Goal of the exercise | Copy the following data exactly and drop the pictures.

Supplied data |

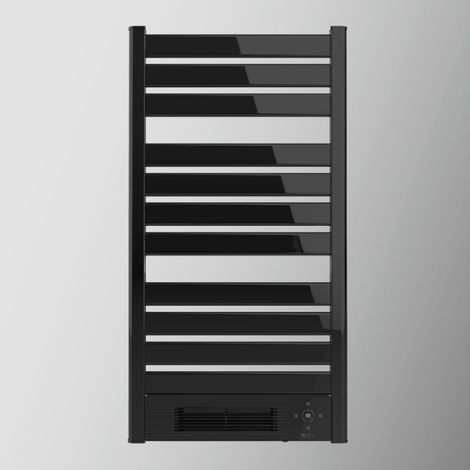Cecotec – Sèche-serviettes électrique 2000 W – Chauffage céramique 1500 W – Écran LED – Télécommande – Minuterie 24h – Protection IPX1 — photo 1
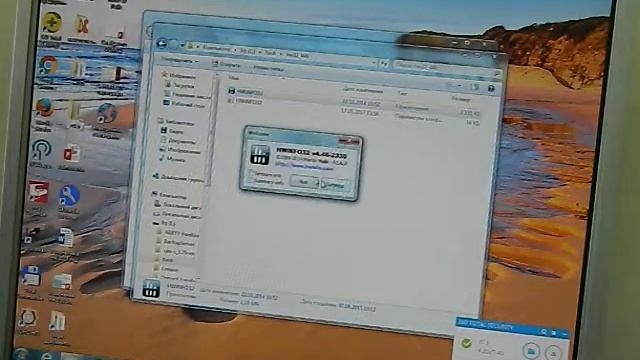 Xeon L5420 на материнскую плату Biostar часть 5 смотреть онлайн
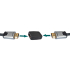 Adapter HDMI gn - HDMI gn (łącznik)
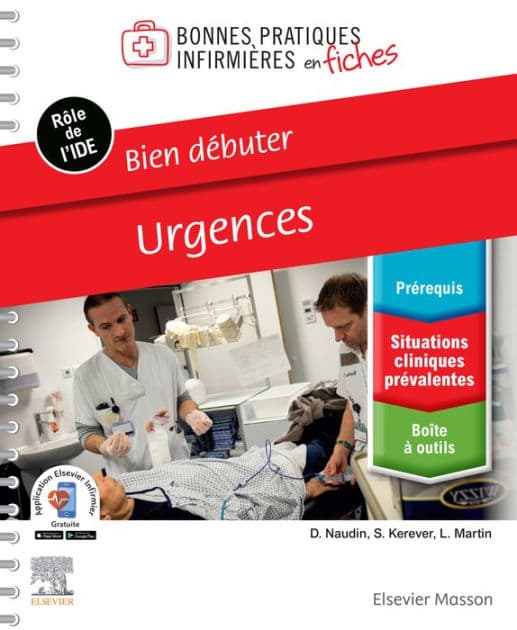 Bien débuter - Urgences by David Naudin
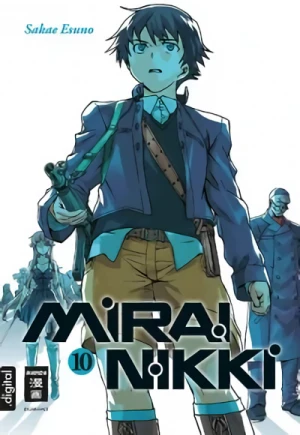 Mirai Nikki - Bd. 10 [eBook]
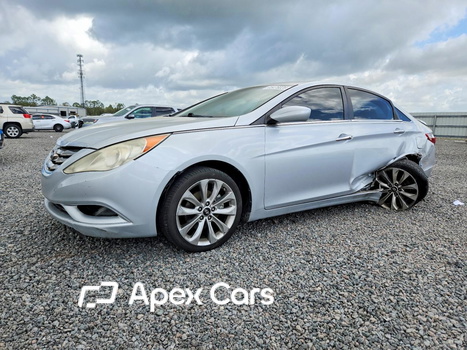 Hyundai Sonata 2013 - Image 1 of 13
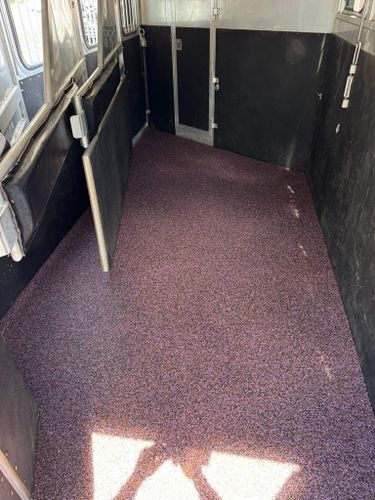 Barn Aisle Flooring for Shelton Trailer Flooring  in Ocala, FL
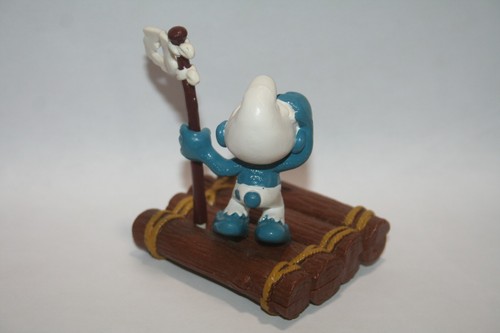 Smurfs Vintage Figure Figurine U-pick PVC Many Available Peyo Schleich Bully - Picture 347 of 506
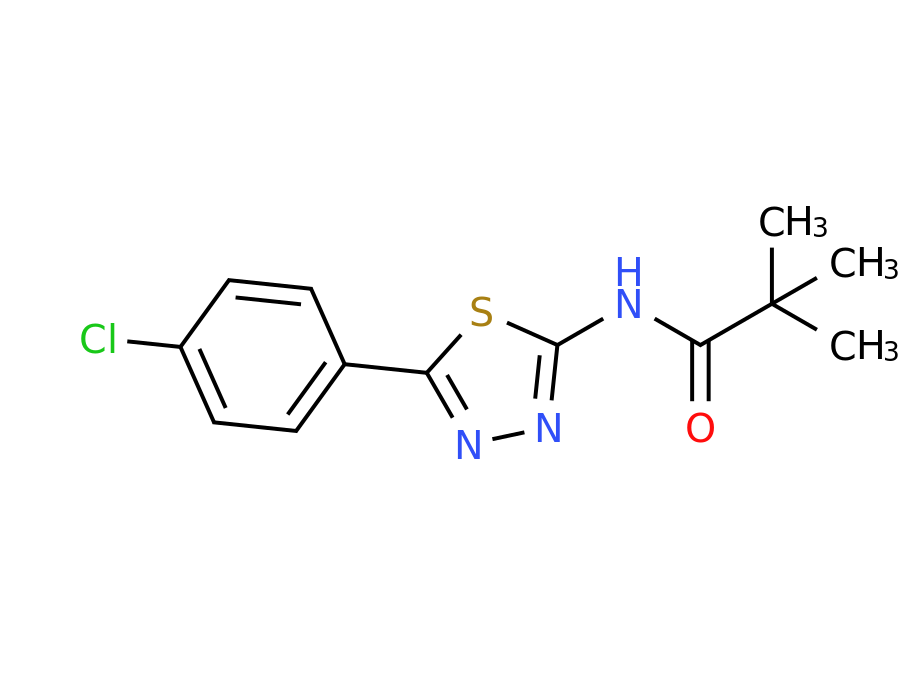 Structure Amb1307294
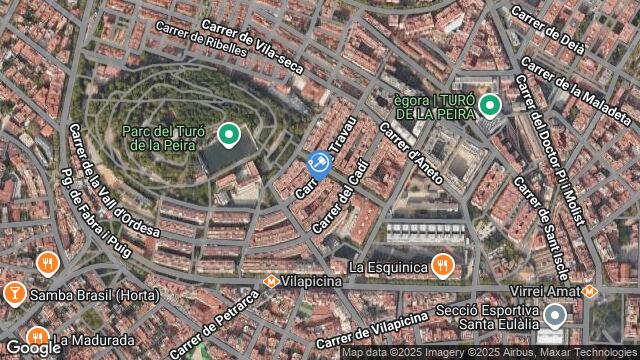 Ubicación de la subastas Subasta de vivienda en barcelona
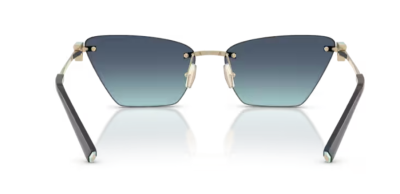 Tiffany 0TF3120 - 60219S - 61 NC6 Kadın Güneş Gözlüğü - 4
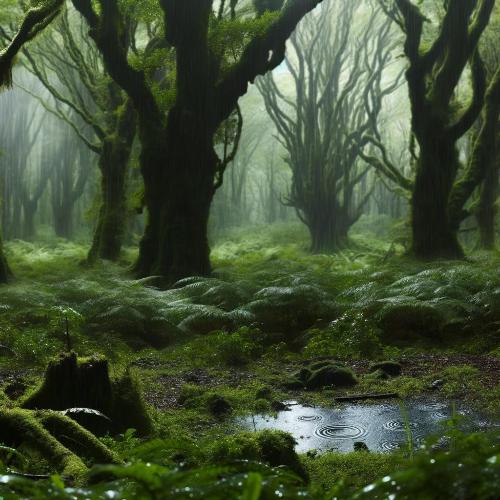 Ethereal Paradise cover art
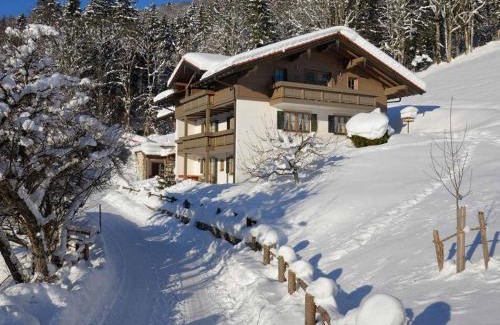 Schneizlreuth Apartment | Haus Eicher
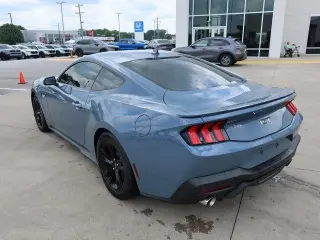 Ford Mustang 2025 GT Premium 2d Fastback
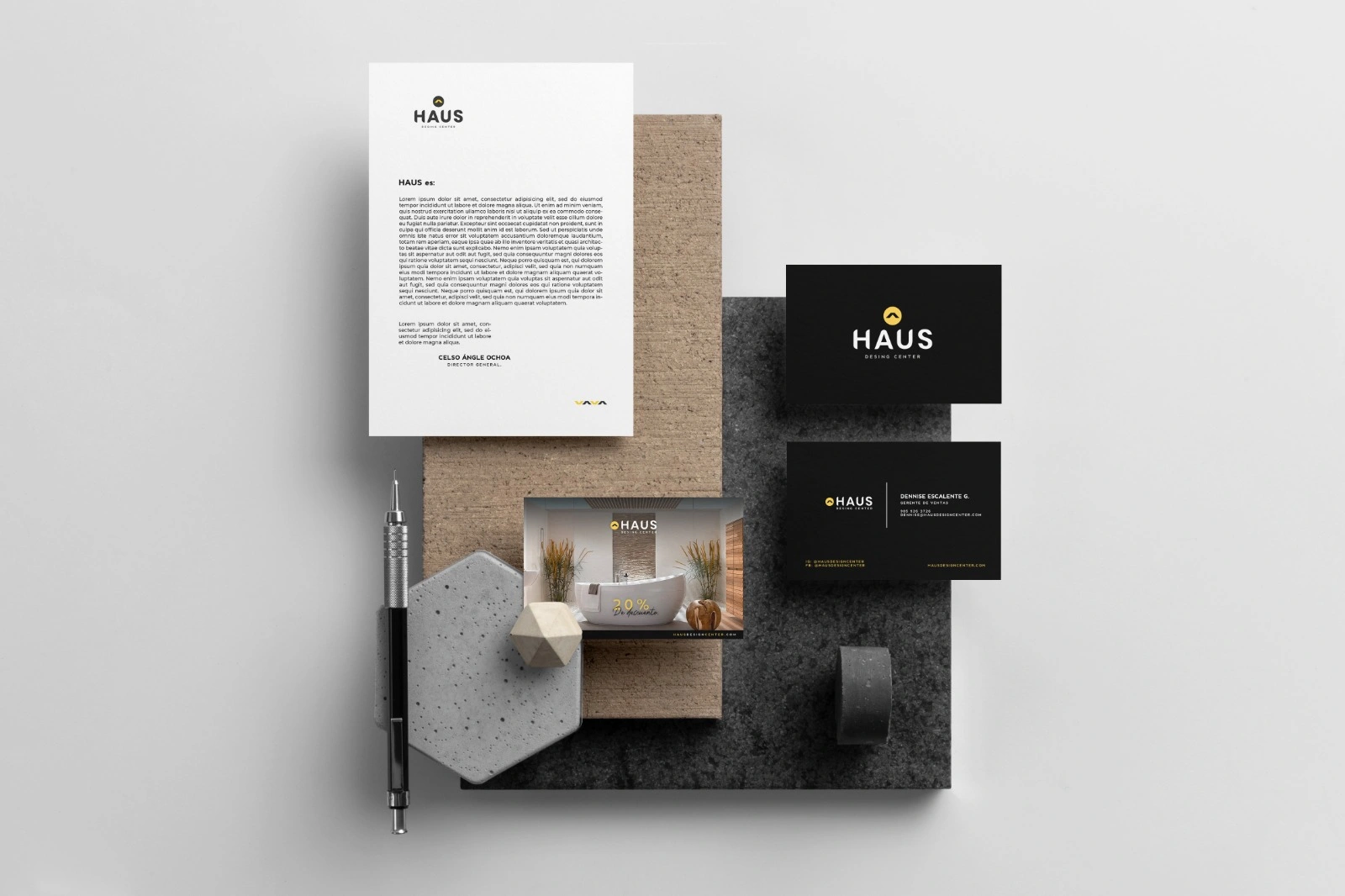 Proyecto Aura Studio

Answer for this exercise |
Cecotec – Sèche-serviettes électrique 2000 W – Chauffage céramique 1500 W – Écran LED – Télécommande – Minuterie 24h – Protection IPX1 — photo 1
 Xeon L5420 на материнскую плату Biostar часть 5 смотреть онлайн
 Adapter HDMI gn - HDMI gn (łącznik)
 Bien débuter - Urgences by David Naudin
 Mirai Nikki - Bd. 10 [eBook]
 Hyundai Sonata 2013 - Image 1 of 13
 Barn Aisle Flooring for Shelton Trailer Flooring  in Ocala, FL
 Smurfs Vintage Figure Figurine U-pick PVC Many Available Peyo Schleich Bully - Picture 347 of 506
 Structure Amb1307294
 Ubicación de la subastas Subasta de vivienda en barcelona
 Tiffany 0TF3120 - 60219S - 61 NC6 Kadın Güneş Gözlüğü - 4
 Ethereal Paradise cover art
 Schneizlreuth Apartment | Haus Eicher
 Ford Mustang 2025 GT Premium 2d Fastback
 Proyecto Aura Studio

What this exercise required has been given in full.